I chewed as slowly as I could. Sometimes, I had to remind myself.

Tues, Jan 26th
coffee w/splenda & 1% milk
breakfast: kashi go lean crunch
yummy hot cocoa
24 oz of water
I DID LUNGES!!!! OMG, THANK YOU SARAH FOR SUGGESTING I DO THEM WHILE ON THE PHONE! I HATE THEM, BUT I ACTUALLY DID THEM!!!!
Lunch: Lean Pocket the garlic chicken one, 1 nanner
24 oz of water
16 oz of water
Dinner: Second verse, same as the first...j/k We had Wendy's again, so the same thing as last night minus the danish

Wed, Jan 27th
coffee w/splenda & 1% milk
breakfast/lunch: Hummus & whole wheat pita chips, 1 cup of v8 berry (yummy, all of it!)
1 happy cow cheese
1 cup of v8 berry
roast beef, mashed tatoes & carrots, broccoli, cauliflower (sm cup of cream soda)
72 oz of water

Breakfast & lunch is bad, I know. I went to the store & missed breakfast. I just got my pyramid & don't really feel like eating eating. But I'm making up for it. Get this, I'm making dinner! Ok, pick your jaw up of the floor. Yup, I'm making a roast!

Thurs, Jan 28th
coffee w/splenda & 1% milk
Breakfast: Lean Pocket w/eggs bacon & cheese
Lunch: Hummus, carrots & whole wheat pita chips
Dinner: Chili, Fritos, & cheese (I ate slow & savored) sm cup of cream soda
Dessert: 1 snickerdoodle & 1 tiny piece of dough
64 oz of water (I fell asleep before being able finish)

Fri, Jan 29th
coffee w/splenda & 1% milk
Breakfast: Eggs w/roast beef (yep, from my roast!), mushrooms, & cheese & a whole wht bagel w/Fabio
Lunch: Hummus, wheat pita chips & carrots
1 snickerdoodle
48 oz of water so far
12 oz blue moon
Dinner: clam chowder, 1 biscuit, 1/2 size portion crab alfredo, 1 margarita (Red Lobster-so super yummy all of it!) I think I got a bite of salad in there too b4 dinner came
16 oz of water

I had dinner w/friends at Red Lobster. Yummy!

Sat, Jan 30th
coffee w/splenda & 1% milk
Breakfast:eggs w/roast, mushrooms & cheese & a wheat bagel w/Fabio
Lunch: Hummus w/carrots & wheat pita chips, v8 berry
1 sugar cookie w/sprinkles
Dinner: nachos w/carne asada, cheese, & sour cream & a sm cup of cream soda
64 oz of water


I've lost 3 lbs this week! I'm back at the weight when I started (I think...Leah?)! I think most of you know that I am on medication for my thyroid &for high blood pressure. A couple weeks ago, I was out of both for a few days-1 week & put on 5 lbs that week. Last week I was at 214.5 & was happy, but thought it was a fluke & didn't mention it.

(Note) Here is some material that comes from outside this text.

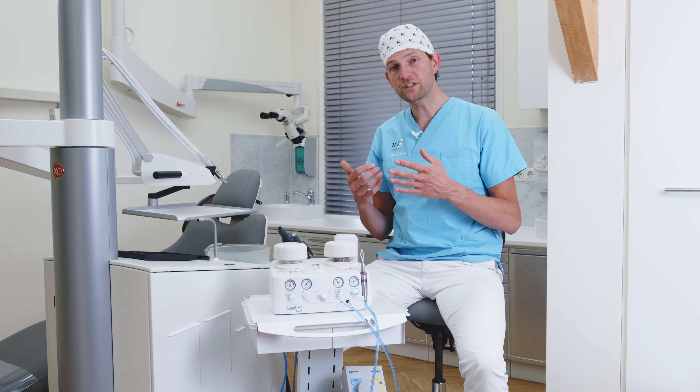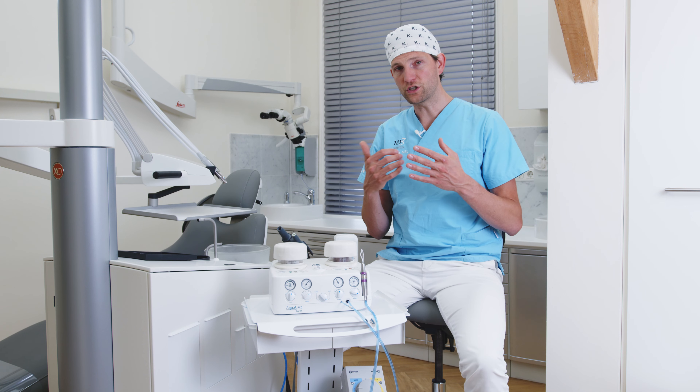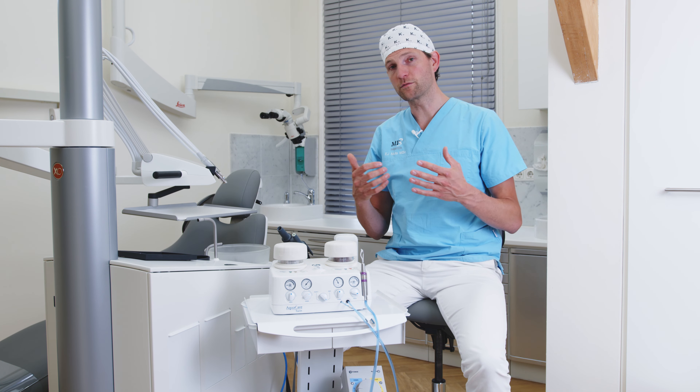We use the silk or biogloss also at two to three bars, and if we want to get the best results we should use a self-etching primer in these cases to get the best post-operative pain reduction possible.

I've come to realize how important my medicine is. Yes, I know they're important to my health or I wouldn't be on them, but they are also important to my weight. I put on over 30 lbs last year before we knew I had a thyroid problem. The year before, I trained for the Avon Walk for Breast Cancer & not only did I not lose any weight, I put it on. WTF, right? Meds are important!

Anyway, while not eating perfectly, I have cleaned up my act a lot & I think it's starting to show. My goal for this week is to start exercising. Short & simple, that is my goal.

I have been eating slower thanks to Pete Cohen (I made that my goal for this last week) & I think it makes a big difference.

Peace & Love (& more lbs off in the new week!)

Monday, January 25, 2010

Kim (Pity) Party of 1, Your Table Is Ready

When everything seems to be going to shit, it's so hard to stay positive! Like for everything else lately, I'm going to blame the dreaded pms. I feel like I want to cry right now & I'm not even sure why.

Ok, maybe I having a feeling. I had a wonderful chat with a friend that I haven't spoken to in a while, & all the crap (that y'all have already read about & are over) came back to me as I was sharing.

The job loss still brings me to tears. I haven't been able to look for another job. I need to get over this crap! It's gone! Yes, it was so fucking perfect for me that it's scary, but it obviously wasn't meant to be.

My dryer has a split personality; it wants to either scorch my clothes (towels, sheets, whatever) or not dry them at all.

I don't know if you've heard or not, but my heater seems to have gotten that same split personality. It has been under 60 degrees in my house for several days now.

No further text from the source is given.